Two days later, the seventh of August and the day of Red Wing’s River City Days parade finally arrived! The festival was even more bustling than I had expected: People came to Red Wing from the day before, shops were set up, and even a concert was held. That day, spectators completely filled the streets and forty or more groups took to the parade with floats and performances. This year as the group representing the International Exchange Association we presented Japanese Taiko. More specifically, we presented a kind of taiko that is distinct to the Okinawa region, dawning Eisa-style costumes, while we walked along the streets behind Tom’s convertible where the music was being played. The route was more or less two kilometers but the entire time we were greeted with applause by the spectators along the street. We all took turns handing out fans, candies, and other souvenirs from Ikata to the children watching from the sidewalks. The students respectfully passed out the souvenirs, and the children received them with smiling faces, a beautiful experience for both the students and the children, I thought. We even went to a local retirement home where we presented them with a special and boisterous performance. What’s more, there was even an open-air performance by the orchestra! It really was a very bustling day.

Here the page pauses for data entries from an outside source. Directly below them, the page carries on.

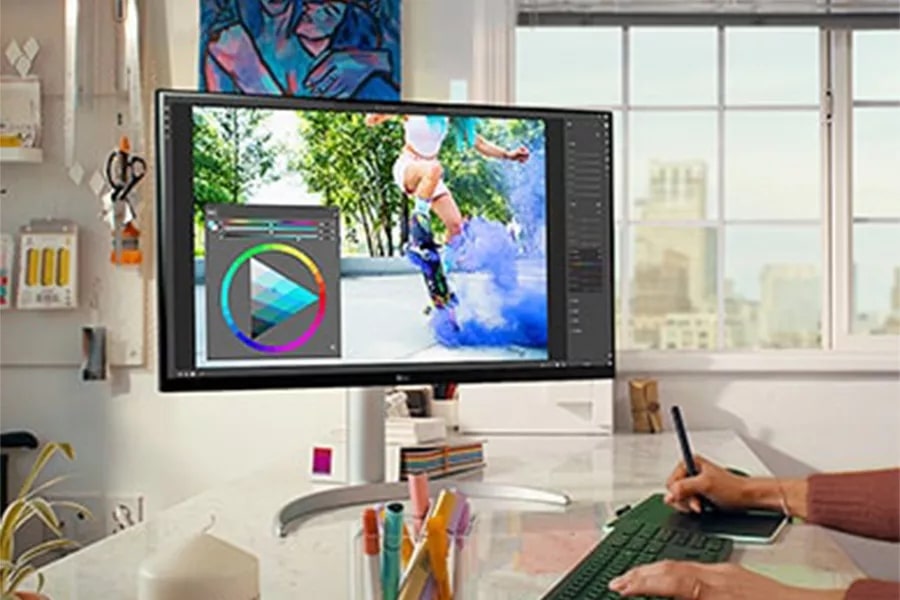 ほぼ新品　LG Display 32UQ850V-W UltraFine 4K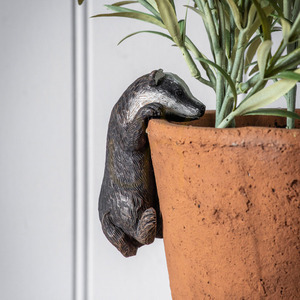 Závěs na květináč Bryson Badger 2 ks starobílý polyresin Gallery Direct 5059413410956 1 Závěs na květináč Bryson Badger 2 ks starobílý polyresin Gallery Direct 5059413410956 small 1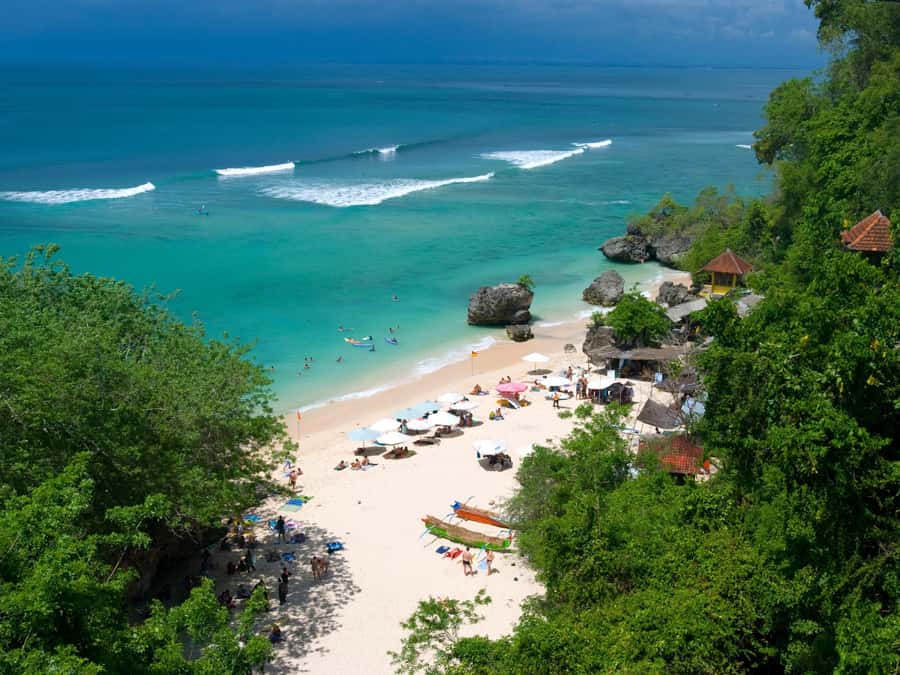 Bali: Uluwatu Temple, Kecak Dance, and Jimbaran Dinner Tour - Kecak Fire Dance: the chanting circle that makes the night click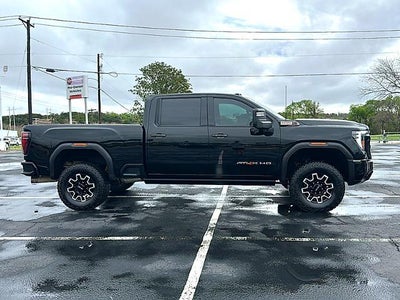 2024 GMC Sierra 2500 HD Crew Cab Standard Box 4-Wheel Drive AT4X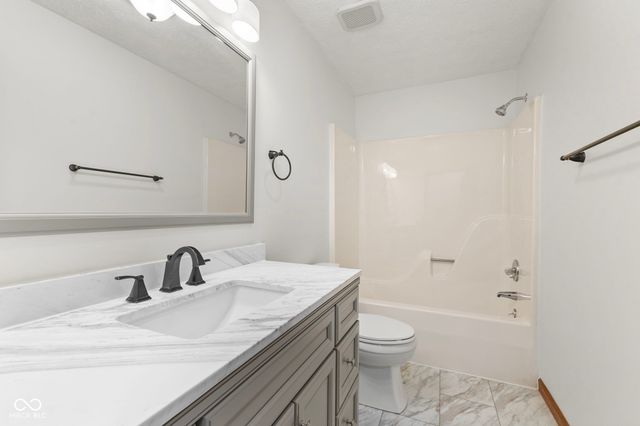 7624 Quail Ridge N, Plainfield, IN 46168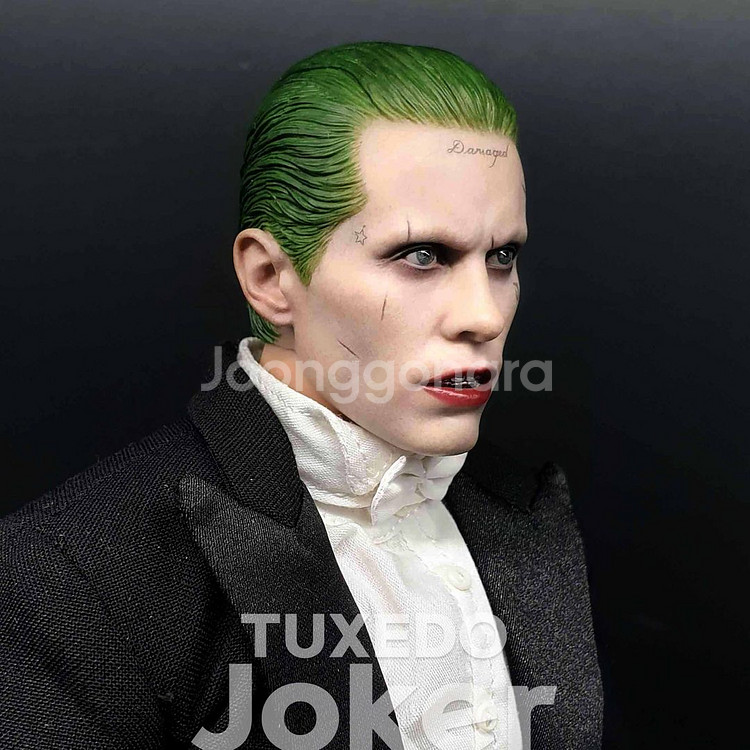 핫토이 수스쿼 턱시도 조커 커스텀 12인치 피규어--1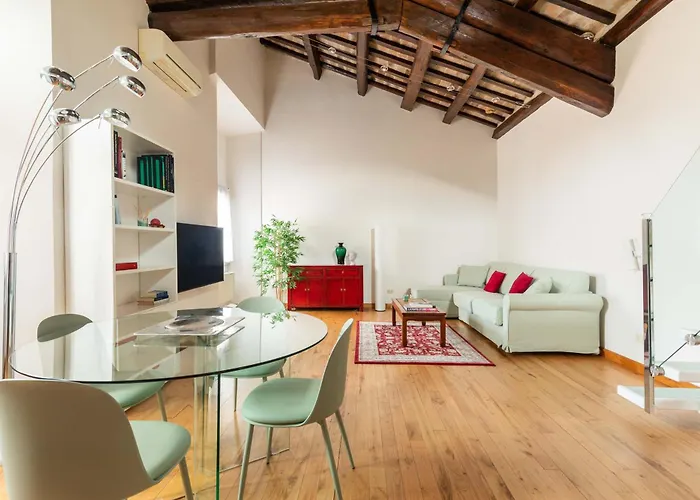 Pantheon Chic Loft By Romeloft Apartment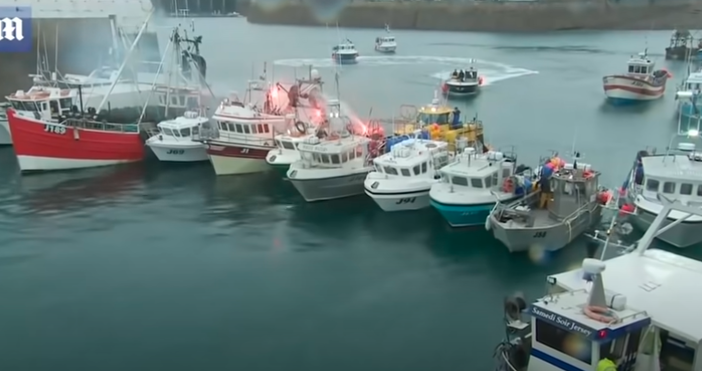 кадър  YouTubeВеликобритания изпрати част военноморския си флот около остров Джърси
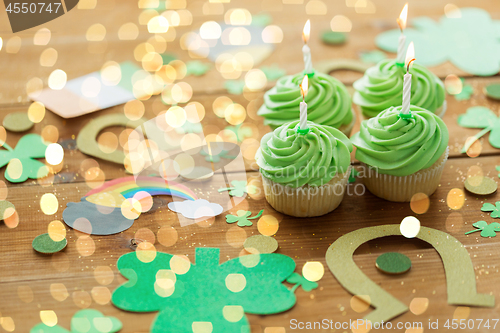 Image of green cupcakes and st patricks day party props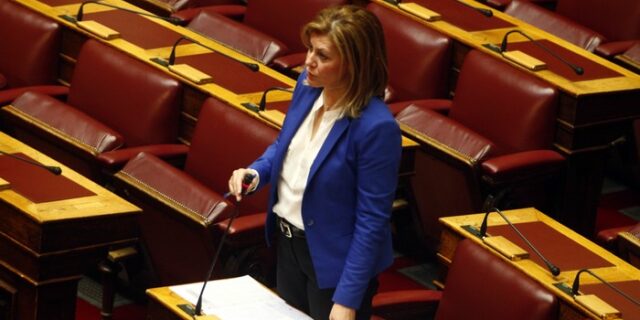 Ανοικτά την Κυριακή: Η Φεβρωνία τα βάζει με Γιακουμάτο, ο Χατζηδάκης υπερασπίζεται το μέτρο και ο Μάξιμος ανακατεύει πάλι το θέμα με το γάλα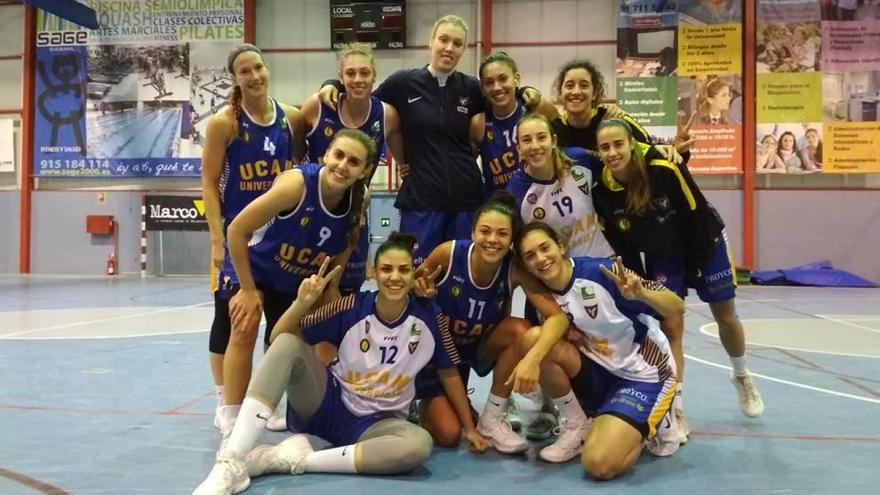 Las jugadoras del UCAM Probelte Jairis celebrando el segundo triunfo del curso.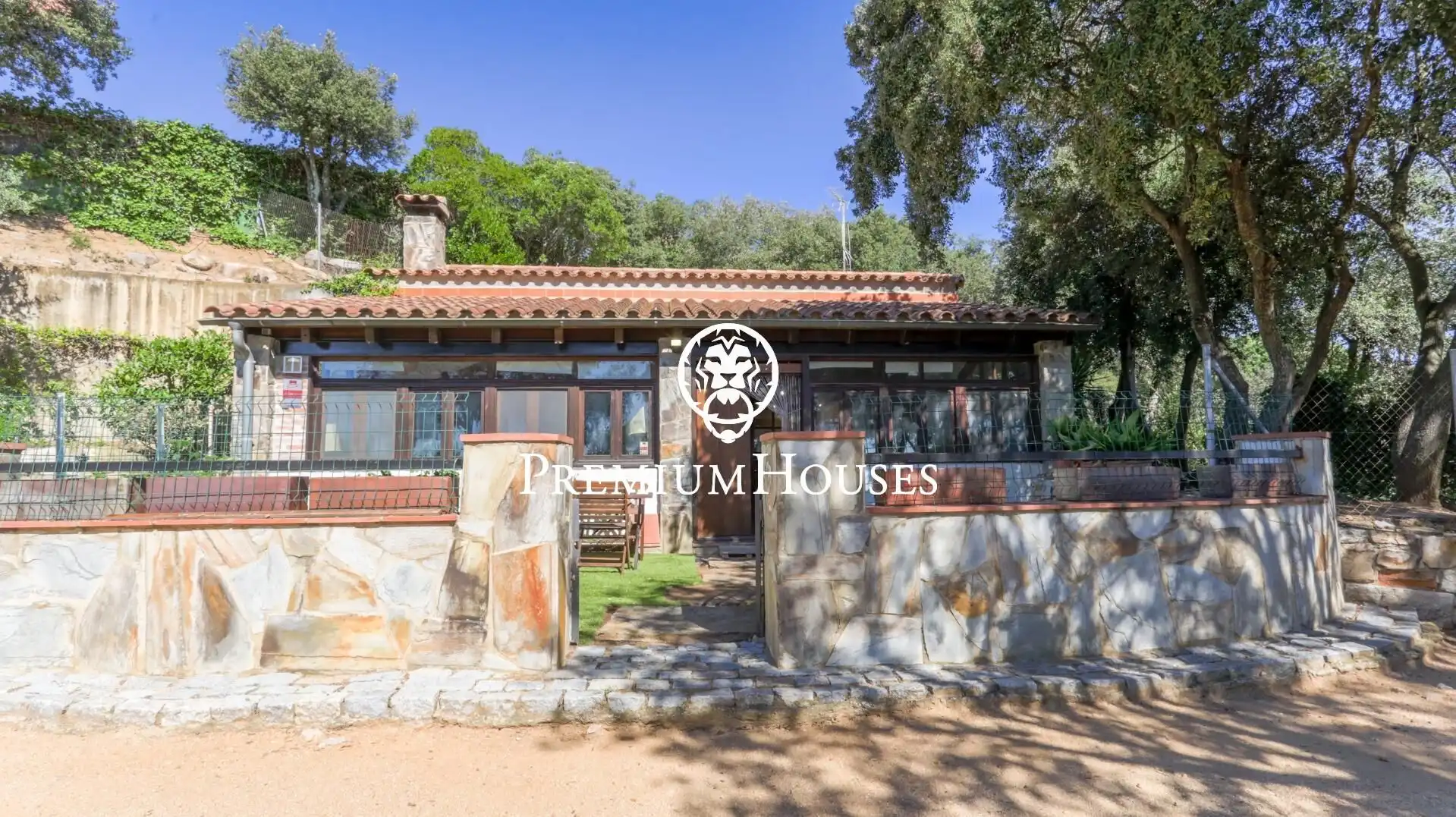 Vista exterior de Casa o chalet en venta en Mataró con Aire acondicionado, Calefacción y Jardín privado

Thanks to the Association’s welcome party picnic as well as the many parties put on by the host families themselves, within the ten days we had in the United States we were able to see and be with the students quite a bit. No matter which host family, the experience was rich: we worked together to create a lot of really dynamic events like swimming in the Mississippi, going to watch a baseball game, a trip to the Mall of America, and even ice skating, and through it all really get a feel for all of the exciting things that America has to offer. To think that the families did all this for us, teaching the kids so much every day, while still continuing their jobs! I would also like to mention how grateful I am to the folks from the Association, who took turns to come pick us up from the hotel, take us out to eat, meet some of their friends, and just have a good time (while speaking as best we could). Whether we liked it or not, for ten days we listened and spoke in English and because of that I believe that in the end we were able to comfortably listen to spoken English. Even in just this amount of time, I felt that my English ability improved to a point where not only could I understand an occasional joke in English but from time to time even say what I wanted to say. I finally really understood what is meant when people say that total immersion is the best way to learn a language. I’m bet even I could be fluent if I stayed in Red Wing for a year!
5) The End
As I understand it, all eight of the students were driven and motivated to actively try their best every day to communicate with their families through listening and speaking and, because they had such a mindset, a good relationship was born between them and the host families. Furthermore, each student demonstrated fantastic independence and a wealth of individualism as they actively and fearlessly participated in Taiko, volleyball, rock climbing, swimming in the Mississippi, ice skating, and communicating with people in general. I bet even the members of the Association thought “These kids from Ikata, they’ll try anything!” On the last day even an article was published in the local paper that documented our sister cities’ exchange program and the impressions of the students. More than I previously thought, it seemed like the people of Red Wing really understood and took to heart the significance of this exchange program.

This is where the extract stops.